We recognize that the sanctity of the home is jealously guarded by a long line of cases. See Kyllo v. United States, 533 U.S. 27, 31 (2001) ("At the very core of the Fourth Amendment stands the right of a man to retreat into his own home and there be free from unreasonable governmental intrusion." (quotation omitted)). We further recognize that the knock and talk procedure is widely used and frequently litigated.

One problem with the knock and talk procedure is that the police may attempt to obtain consent by minimizing the seriousness of the situation or by acting in a deceptive manner. The Washington Supreme Court has gone so far as to characterize the procedure as "inherently coercive to some degree." Ferrier, 960 P.2d at 933. Indeed, in this case, the officers initially minimized the situation by telling the defendant that they were there to investigate whether his computer had been compromised.

Although we are cognizant of the potential for abuse inherent in the knock and talk procedure, we are not prepared to adopt the Ferrier rule today. Other than Ferrier, the defendant has failed to identify any cases where a court determined that the knock and talk procedure was used inappropriately.

Moreover, the officers in this case did not use the procedure in an untoward manner. We emphasize that the officers here were not deceptive; when the defendant inquired as to the illegal activity in question, they specifically stated that they were looking for child pornography. Detective Crockett testified that had the defendant given any indication that he did not want to cooperate, he would not have persisted in attempting to obtain consent. Cf. Jones, 131 N.H. at 728-29. In addition, unlike the defendant in Ferrier, the defendant did not testify that he consented to the search because he was terrified. Ferrier, 960 P.2d at 929. Rather, the defendant testified that he consented to the search of the computer in his living room because "[he] thought [he] had to."
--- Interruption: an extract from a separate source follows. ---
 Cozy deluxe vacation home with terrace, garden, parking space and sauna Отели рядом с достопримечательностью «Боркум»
The circumstances under which the officers gained entry to the defendant’s home in this case are distinguishable from Ferrier. Here, only two officers went to the defendant’s home and both approached the front door in broad daylight. The officers, both in plain clothes, introduced themselves and only entered the defendant’s home after he invited them in. We note that the police officers here did not have sufficient information to obtain a search warrant. This is, therefore, not a case where the police were attempting to circumvent the warrant requirement.
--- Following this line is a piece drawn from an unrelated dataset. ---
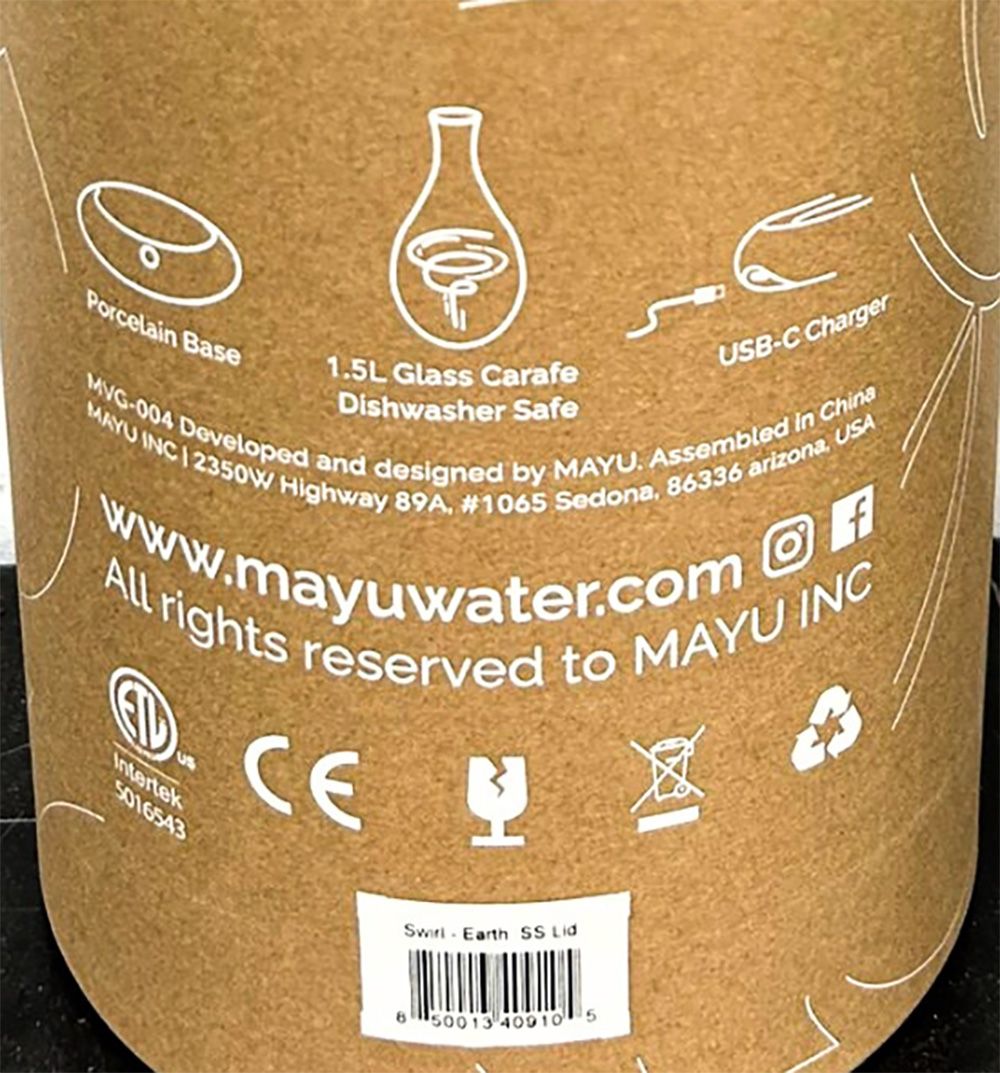 Detail der Verpackung. Text: 1.5L Glass Carafe. Dishwasher Safe. USB-C Charger. www.mayuwater.com. Zertifizierungen.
Although we do not adopt the Ferrier rule, trial courts should scrutinize the facts of each knock and talk case with special care to determine whether the procedures rise to a level of coercion that is constitutionally impermissible.

Finally, the defendant argues that his consent to search was obtained as a result of a custodial interrogation not preceded by a waiver of his Miranda rights, and, therefore, he contends that his consent was not knowing and intelligent. We disagree.

The Miranda decision was based upon "the need to protect the fairness of the trial itself." Schneckloth v. Bustamonte, 412 U.S. 218, 240 (1973).

There is a vast difference between those rights that protect a fair criminal trial and the rights guaranteed under the Fourth Amendment. Nothing, either in the purposes behind requiring a "knowing" and "intelligent" waiver of trial rights, or in the practical application of such a requirement suggests that it ought to be extended to the constitutional guarantee against unreasonable searches and seizures.

Id. at 241.

Many courts have held that Miranda relates "to the compulsory self-incrimination barred by the Fifth Amendment and not to unreasonable searches and seizures proscribed by the Fourth Amendment." Cato v. State, 396 N.E.2d 119, 124 (Ind. 1979); accord United States v. LaGrone, 43 F.3d 332, 335 (7th Cir. 1994); United States v. McCurdy, 40 F.3d 1111, 1118 (10th Cir. 1994); United States v. Moreno, 897 F.2d 26, 33 (2d Cir. 1990); State v. Hardy, 451 S.E.2d 600, 611 (N.C. 1994); State v. Turner, 401 N.W.2d 827, 836-37 (Wis. 1987); State v. Packett, 297 N.W.2d 762, 764 (Neb. 1980). Thus, we conclude that the defendant had no constitutional right to be advised of his Miranda rights prior to consenting to the search.


DALIANIS, J., concurred; BROCK, C.J., retired, specially assigned under RSA 490:3, concurred.